Along with the recent release of VMware vSphere 6.7 U2, we published a new whitepaper that shows the performance of a new scheduler option that was included in the 6.7 U2 update. We referred to this new scheduler option internally as the “sibling” scheduler, but the official name is the side-channel aware scheduler version 2, or SCAv2. The whitepaper includes full details about SCAv1 and SCAv2, the L1TF security vulnerability that made them necessary, and the performance implications with several different workload types. This blog is a brief overview of the key points, but we recommend that you check out the full document.
In August of 2018, a security vulnerability known as L1TF, affecting systems using Intel processors, was revealed, and patches and remediations were also made available. Intel provided micro-code updates for its processors, operating system patches were made available, and VMware provided an update for vSphere.
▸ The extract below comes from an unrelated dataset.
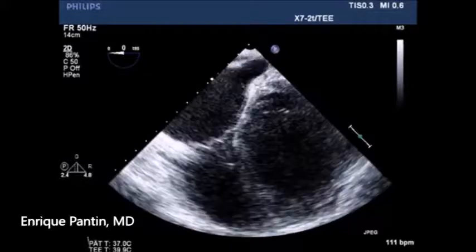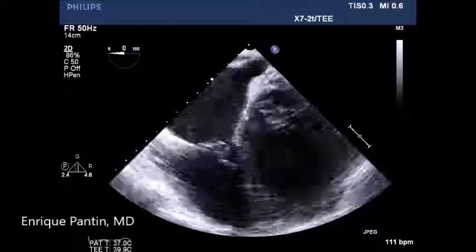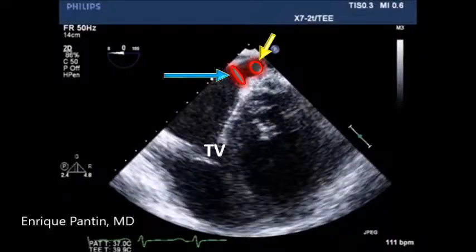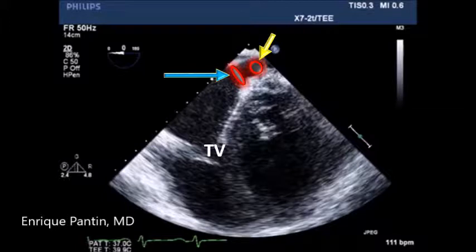A yellow arrow points to it. We will then be advancing the probe and we will see a small red circle with a yellow arrow — that's the entrance of the middle cardiac vein.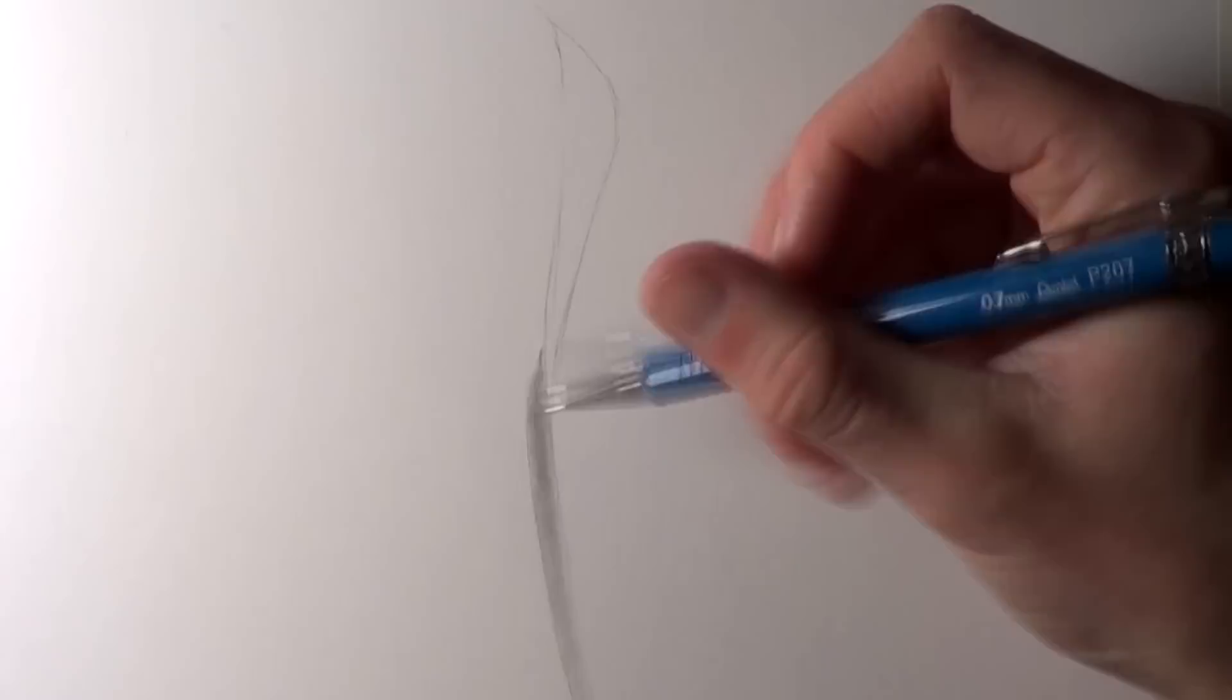In terms of equipment I'm using a mechanical pencil with HB leads on smooth bristol board paper, but please don't worry too much about the equipment you're using. As long as you have a pencil and paper in front of you, you'll be fine.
The full details of the vCenter and ESXi patches are in a VMware security advisory that links to individual KB articles.
The ESXi-provided patches included a side-channel aware scheduler (SCAv1) that mitigated the concurrent-context attack vector for L1TF. Once that mode was enabled, the scheduler would only schedule processes on one thread for each core. This mode impacted performance mostly from a capacity standpoint because the system was no longer able to use both hyper-threads on a core. A server that was already fully utilized and running at maximum capacity would see a decrease in capacity of up to approximately 30%. A server that was running at 75% of capacity would see a much smaller impact to performance, but CPU utilization would rise.
In vSphere 6.7 U2, the side-channel aware scheduler has been enhanced (SCAv2) with a new policy to allow hyper-threads to be used concurrently if both threads are running vCPU contexts from the same VM. In this way, L1TF side channels are constrained to not expose information across VM/VM or VM/hypervisor boundaries.
Performance testing with several different workloads found a range of impact in performance for both SCAv1 and SCAv2 as compared to the default scheduler as the baseline of performance. If SCAv1 or SCAv2 were able to achieve the same performance, it would be 1.0, and if it achieved 75% of the performance, it would be .75. The graphs here show the performance impact at max server utilization and the impact at the reduced load of approximately 75% utilization.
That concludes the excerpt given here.